▸ AVAILABLE DATA:
--- START ---

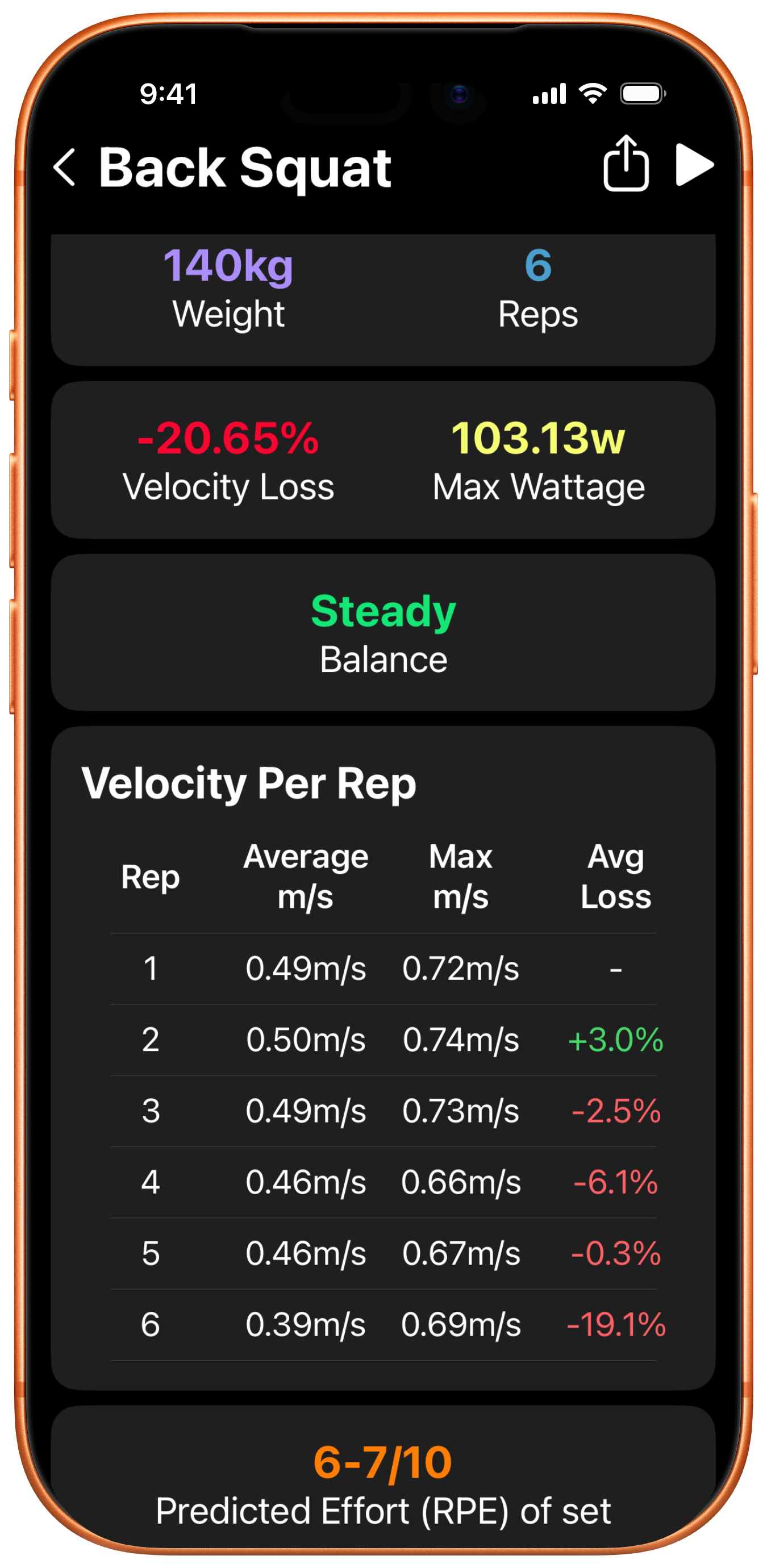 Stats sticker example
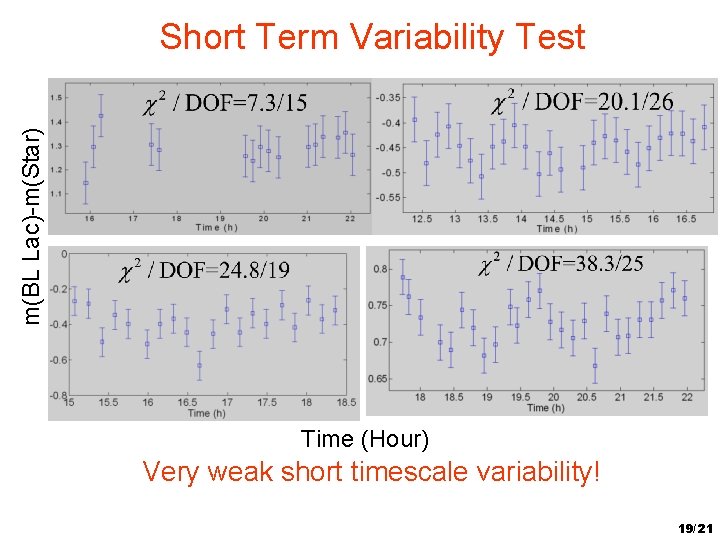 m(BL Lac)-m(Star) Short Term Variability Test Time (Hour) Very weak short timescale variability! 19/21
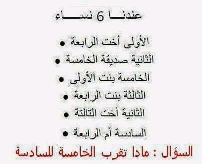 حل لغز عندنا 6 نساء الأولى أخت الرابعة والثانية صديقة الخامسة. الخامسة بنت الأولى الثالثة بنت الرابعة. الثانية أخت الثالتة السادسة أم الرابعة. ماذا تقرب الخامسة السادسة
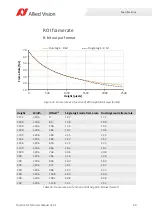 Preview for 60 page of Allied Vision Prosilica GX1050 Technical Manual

--- END ---
--- START ---

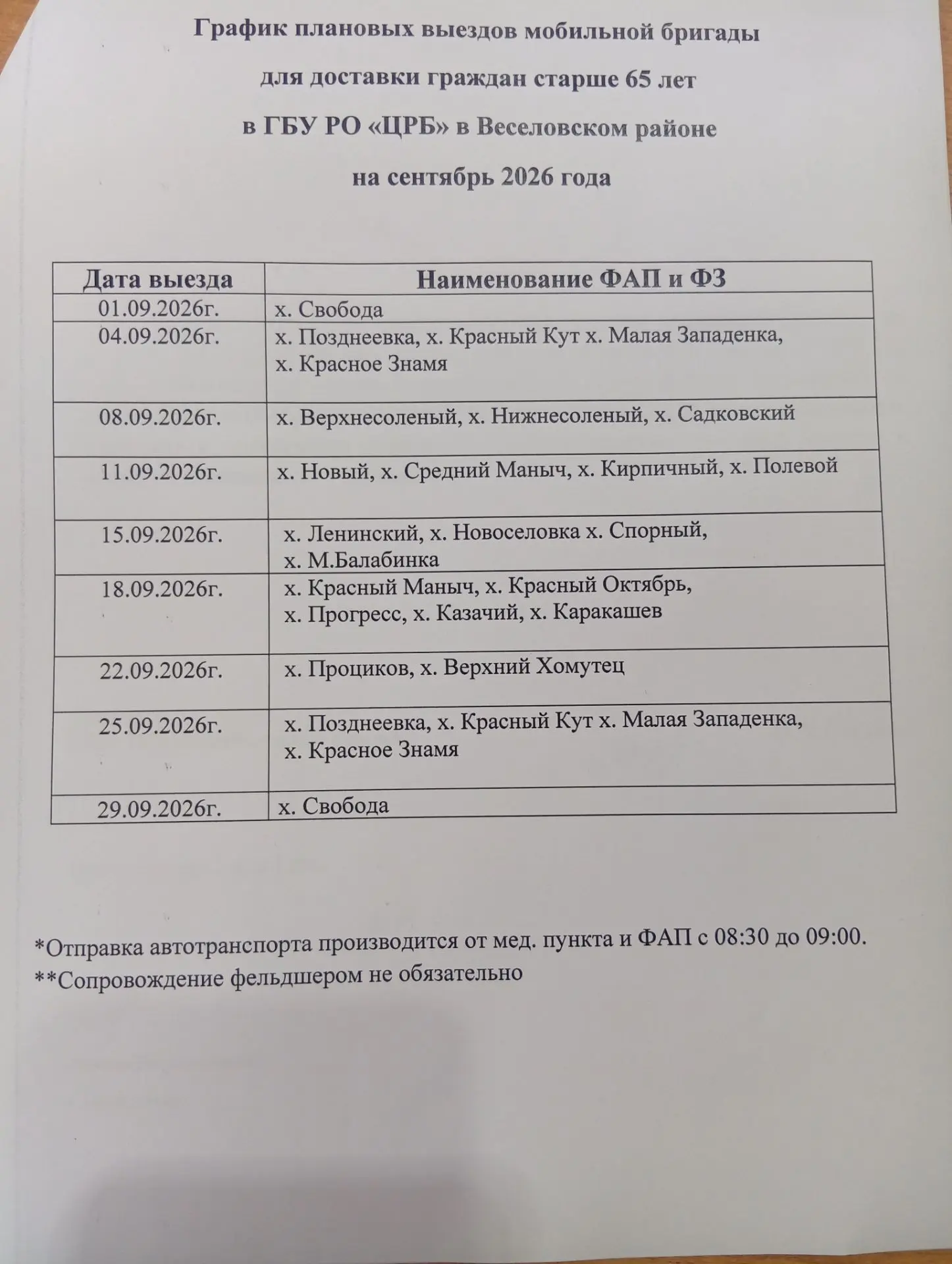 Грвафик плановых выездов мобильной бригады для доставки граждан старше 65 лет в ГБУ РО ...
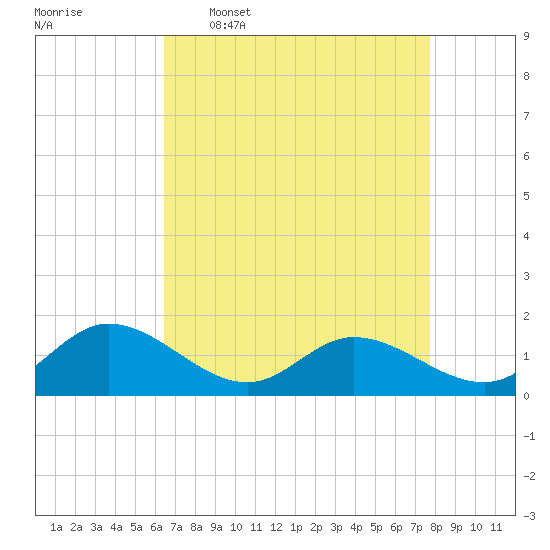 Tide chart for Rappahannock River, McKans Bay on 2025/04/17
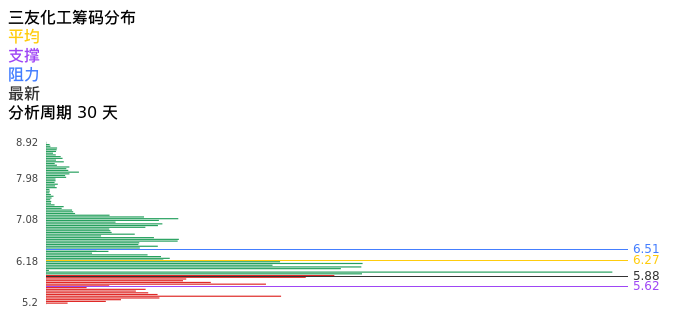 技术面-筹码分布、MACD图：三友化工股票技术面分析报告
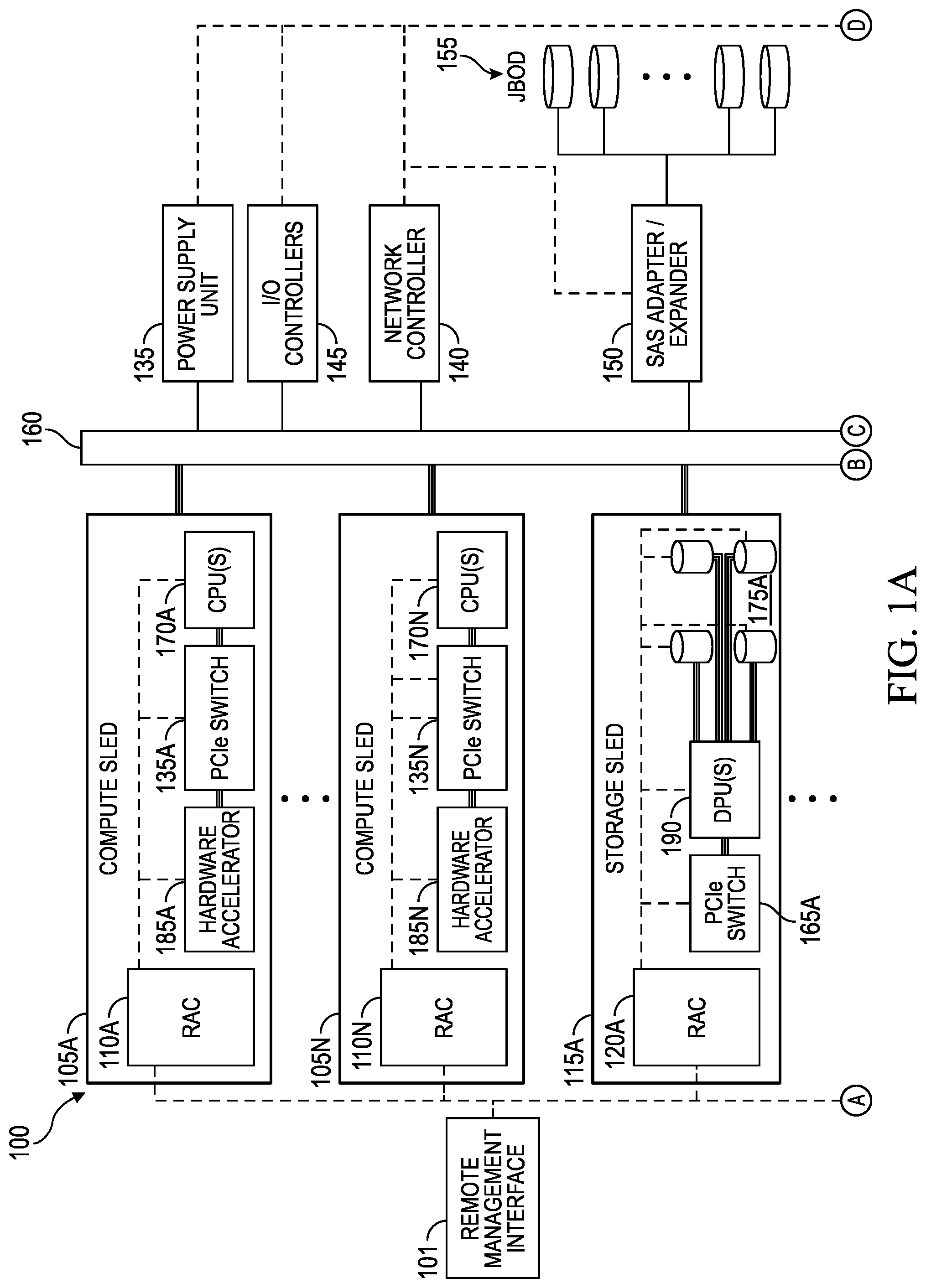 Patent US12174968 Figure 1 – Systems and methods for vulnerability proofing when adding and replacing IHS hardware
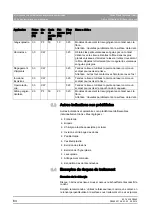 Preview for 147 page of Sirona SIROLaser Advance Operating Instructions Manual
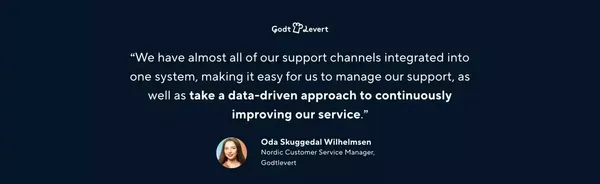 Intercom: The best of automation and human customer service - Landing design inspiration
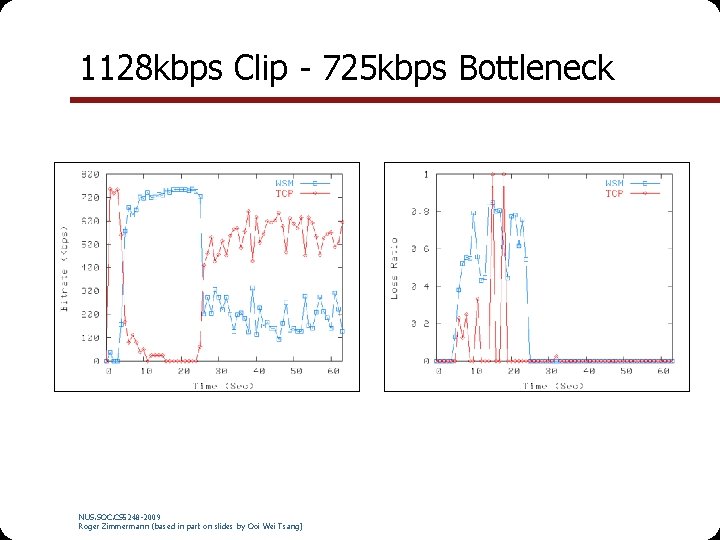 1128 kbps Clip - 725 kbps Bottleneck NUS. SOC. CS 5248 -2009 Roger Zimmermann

--- END ---

Starting at the line above that contains "m(BL Lac)-m(Star) Short", transcribe every line exactly through the line that contains "Preview for 60", including that last one, and skip the pictures.

 m(BL Lac)-m(Star) Short Term Variability Test Time (Hour) Very weak short timescale variability! 19/21
 حل لغز عندنا 6 نساء الأولى أخت الرابعة والثانية صديقة الخامسة. الخامسة بنت الأولى الثالثة بنت الرابعة. الثانية أخت الثالتة السادسة أم الرابعة. ماذا تقرب الخامسة السادسة
 Preview for 60 page of Allied Vision Prosilica GX1050 Technical Manual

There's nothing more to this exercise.